7-4 Progress in Reactor Modeling during Natural-Circulation Cooling

-Validation of a Reactor Analytical Model using Measured Data-

Fig.7-12  Whole core model

Fig.7-12 Whole core model

This analytical model can simulate heat transfer among core elements such as the core fuel subassembly and can calculate their temperatures and flow rates. Core fuel subassemblies are connected to the high-pressure plenum, whereas others are connected to the low-pressure plenum in the Monju Reactor.

 

Fig.7-13  Comparison between the analytical result and the measured data

This Picture(161KB)

Fig.7-13 Comparison between the analytical result and the measured data

This figure shows the temperature distribution of the core-element outlet on the cross section shown in the figure. The outermost layer of the neutron shielding subassembly is adiabatic under the analytical condition. The analytical results agree well with measured values at each time.

 


After the accident at the TEPCO’s Fukushima Daiichi NPS, new regulatory requirements considering severe accidents (SAs) were established. Therefore, strengthening plant against natural disasters and preparing safety measures against SAs such as long-term station blackouts (SBOs) are of critical importance. In the event of an SBO, the experimental fast reactor Joyo and the prototype fast-breeder reactor Monju employ decay-heat removal from the core into atmosphere through air coolers using natural circulation of sodium coolant, which requires no power supply.

This decay-heat removal by a fully natural circulation system is adopted in the design of the Japan Sodium-cooled Fast Reactor. As the driving force of coolant is the only buoyancy in natural circulation, the coolant-flow rate is very small. Therefore, two phenomena, namely radial-heat transfer and flow redistribution among core elements such core subassemblies, become dominant during natural circulation and dynamically change the temperature and flow rate into each core element.

Therefore, a whole-core model considering the heat-transfer effect among subassemblies and flow redistribution has been developed to predict their behavior for each core element (Fig.7-12). The two effects in this model were already validated by test results of natural circulation at the sodium test loop, PLANDTL, and the experimental fast reactor, Joyo. In this study, we comprehensively validated that the whole-core model could be applied for MONJU by comparing with the result of the plant-trip test at 40% power. An empirical formula based on the data obtained for a flow rate ranging from low to rated flow rate was applied to the pressure model of each core element.

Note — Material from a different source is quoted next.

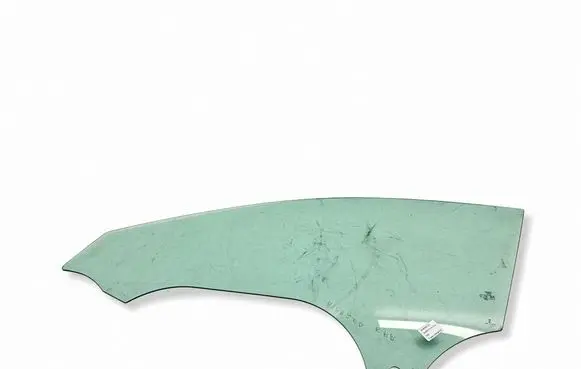 Audi A5 Front door window glass four-door 8W8845201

The measured temperature distribution in the core-element outlet on the cross section at time periods of 600 s and 3600 s after the plant trip with a 10% flow rate differed from the distribution before the plant trip. The temperature of the innermost layer of the blanket fuel subassembly area with almost no heat is higher than that of the core fuel subassembly. The calculated temperature distributions of the core-element outlet agree well with those measured at each time (Fig.7-13). The temperatures of the blanket fuel subassembly, the control rod subassembly, and the neutron shielding subassembly area with almost no heat differ significantly from those without heat-transfer among subassemblies. We observed that heat transfer from core fuel assembles had significant effects to the temperature distribution and confirmed that the whole-core model can simulate heat transfer among core elements such as the core fuel subassembly; we also calculated the temperature distribution correctly in flow conditions of more than 10%.

Hence, this model can evaluate the plant behavior of a large reactor during natural circulation using an empirical formula based on the data for the low-flow-rate condition.